A que voy, que *casi siempre* todo inicia con fines bélicos y luego dicho "todo" se libera para usarse por el pueblo común con algún otro fin. Que esté bien o esté mal ya depende de quién y para que lo use. Como dice una canción local: "La culpa no es de las armas sino de quien las dispara"


----------



## saltamon23 (Jun 28, 2014)

hasta un cuchillo de cocina se puede usar para hacer daño , eso es inevitable.
incluso un martilo.

ahora lo interesante es esto de los drones, identificar la frecuencia de trabajo, o si vuelan a baja altura, calculo que una red me permitiria "atrapar" a el dron .

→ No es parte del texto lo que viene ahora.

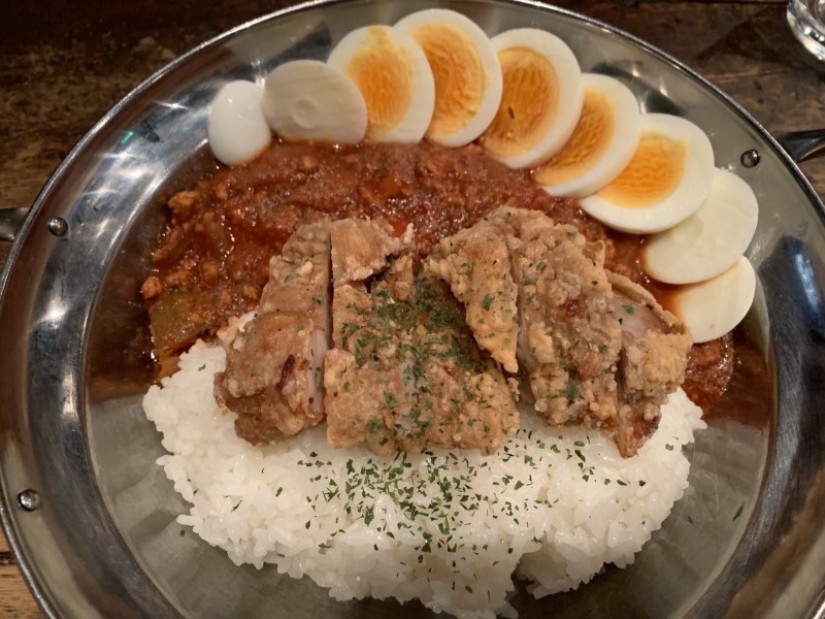 元祖Qチキ麻辣カレー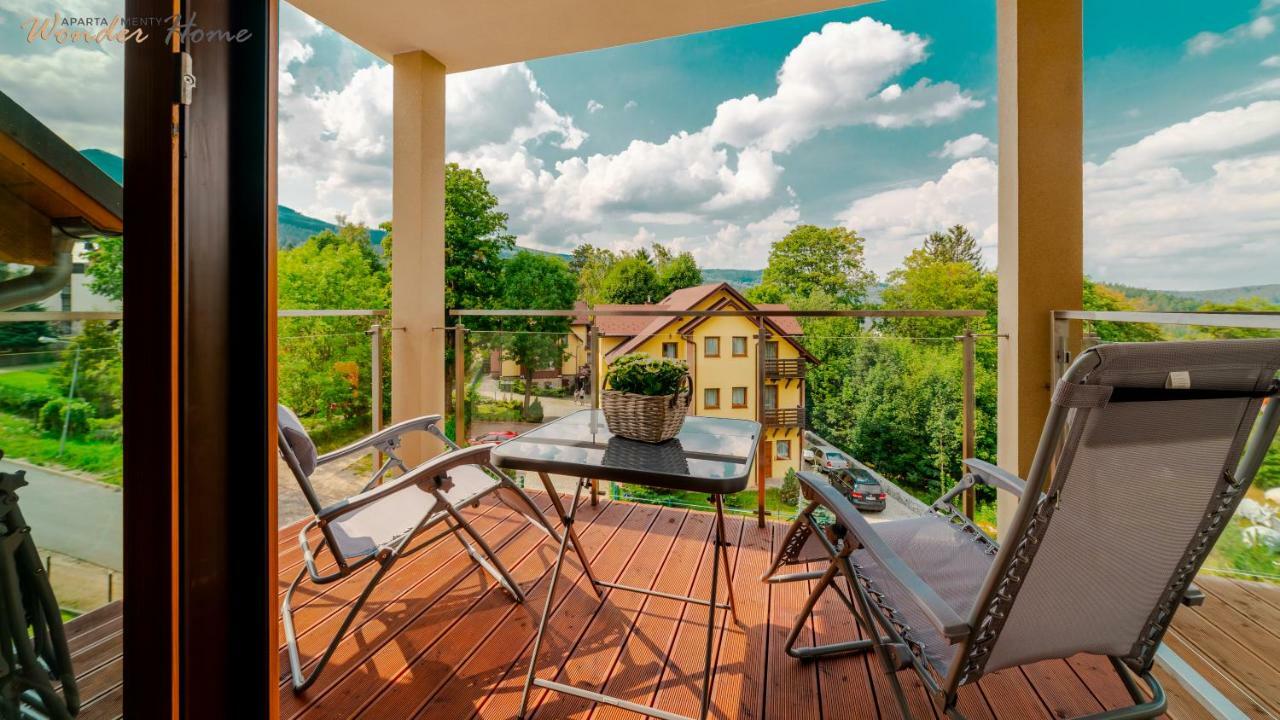 Wonder Home - Apartamenty Z Widokami I Blisko Szlakow - W Spokojnej Czesci Karpacza ภายนอก รูปภาพ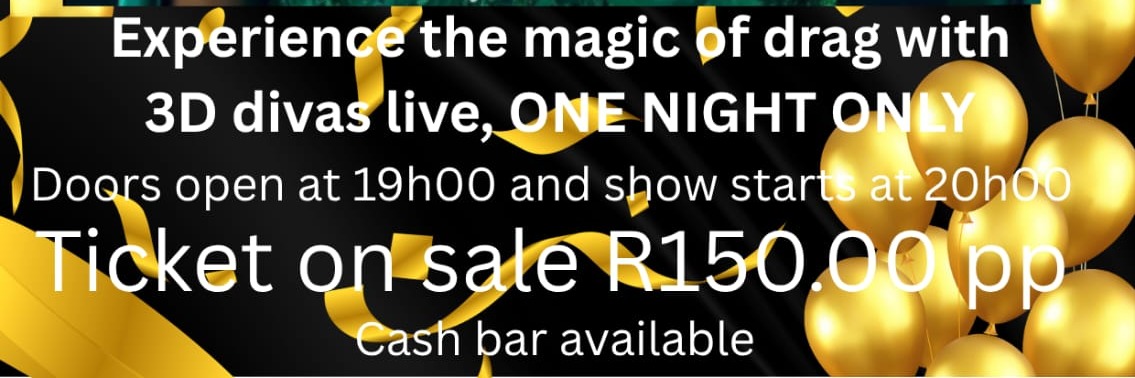 3D DIVAS LIVE IN HOEDJIESBAAI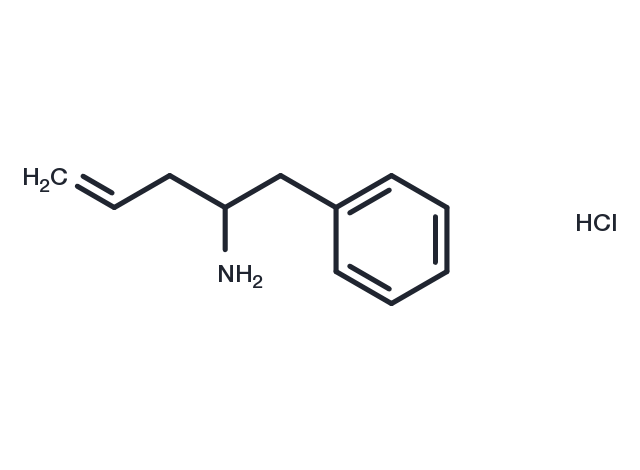 Aletamine hydrochloride Chemical Structure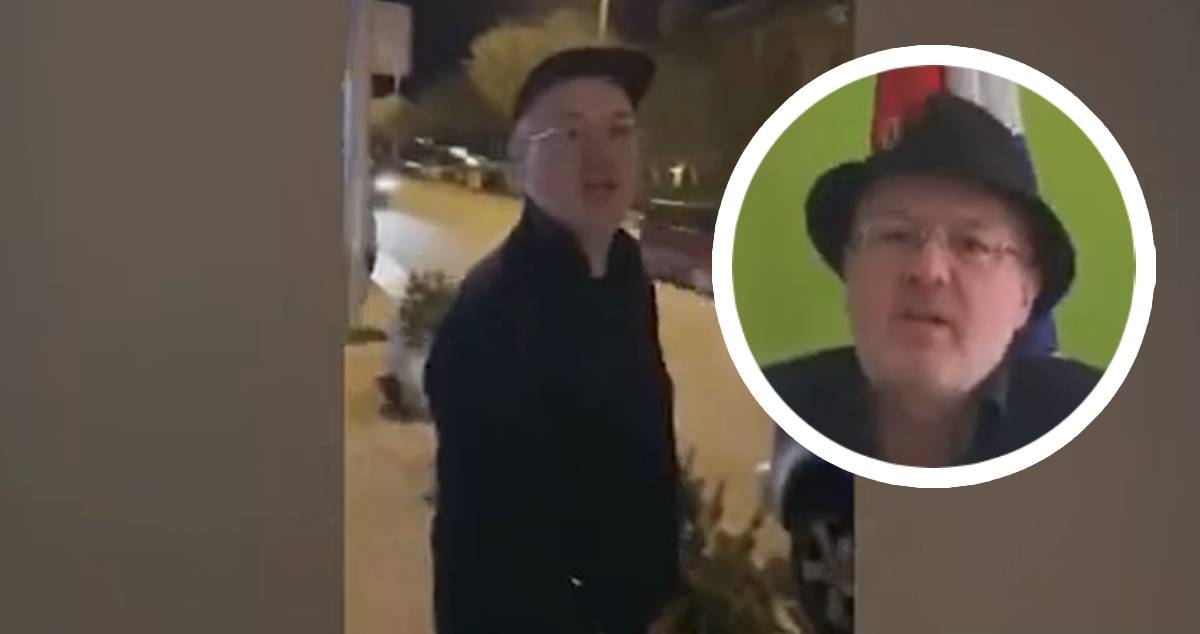Vucu snimili kako piša na ulici. Krivi zagrebačke medije, spominje namještenu snimku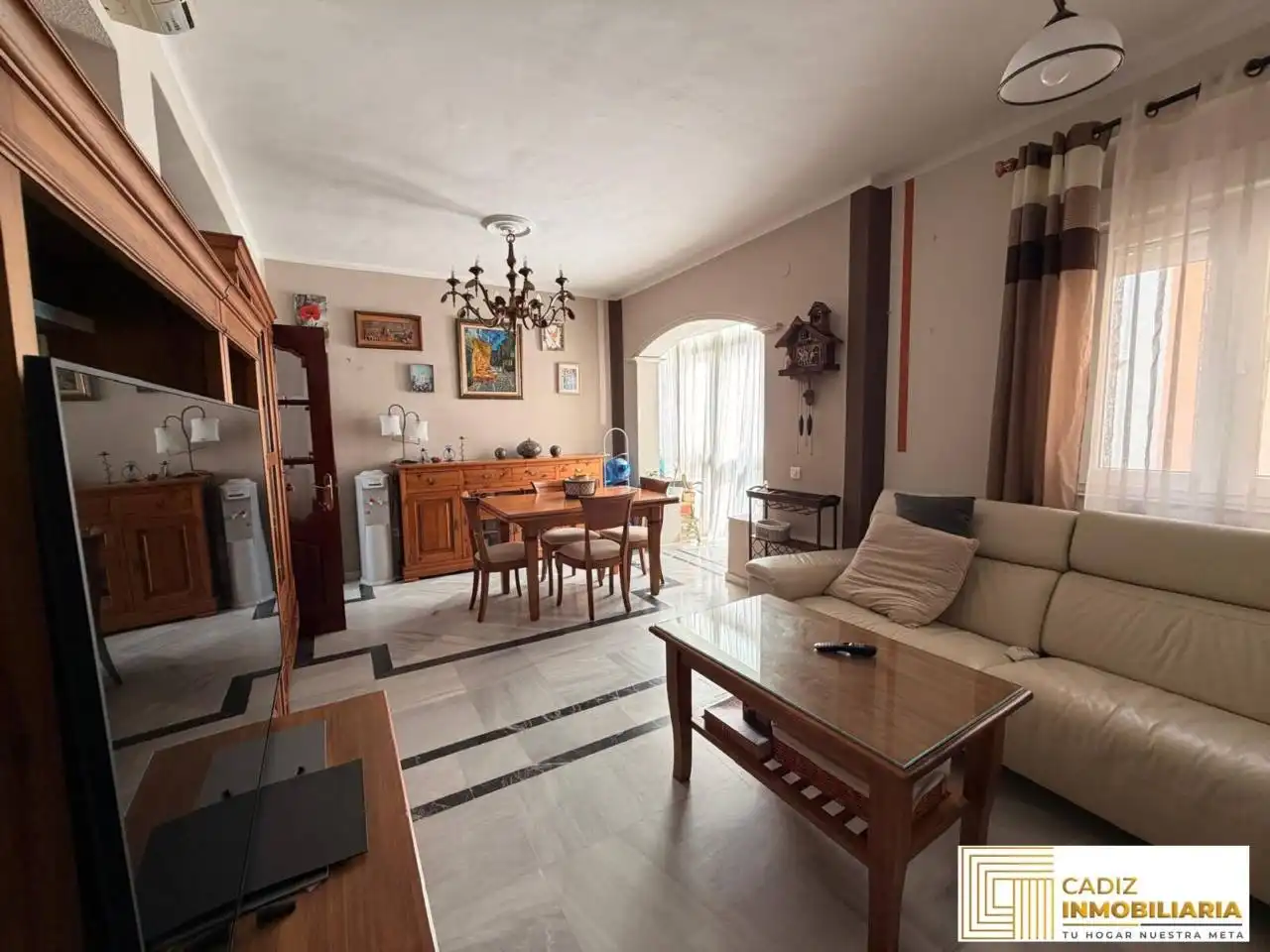 Wohnzimmer von Wohnung zum Verkauf in Cádiz mit Klimaanlage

debe costar unos cuantos pesos.
y si lo estan usando para algo ilegal, pues calculo no denunciaran a la policia que se les ha perdido un dron que llevaba drogas, no ?? 

interesante esto de los drones que andan por ahi dando vueltas, muy "inocentes"los que loso sacan a pasear , con tanto aficionado electronico que anda dando vueltas a la pesca de ver que se puede "encontrar" .....jeee.


----------



## chclau (Jun 28, 2014)

hoy por hoy la mayoria de los controles remotos trabajan en 2.4GHz, con tecnica de spread spectrum, frequency hoping. La posibilidad de interceptar esos controles, no digo que sea imposible, pero es muy baja. No es cuestion de saber la frecuencia, eso es sabido de antemano. Lo que necesitas es interceptar la secuencia de frecuencias de transmision, y eso es muy, muy dificil.


----------



## el-rey-julien (Jun 28, 2014)

¿y con esos controles universales programables de los avioncitos rc ?(por hay estoy diciendo una burrada,ni se a que frecuencia trabajan esos rc)


----------



## chclau (Jun 28, 2014)

No, son universales pero los tenes que programar para cada receptor, cuando el receptor "conoce" al transmisor intercambian entre los dos la secuencia que van a utilizar, pero para poner al receptor en modo de "programacion" tenes que ponerle un jumper fisico. No podes "convencer" al receptor en vuelo a que cambie la secuencia a la de tu transmisor.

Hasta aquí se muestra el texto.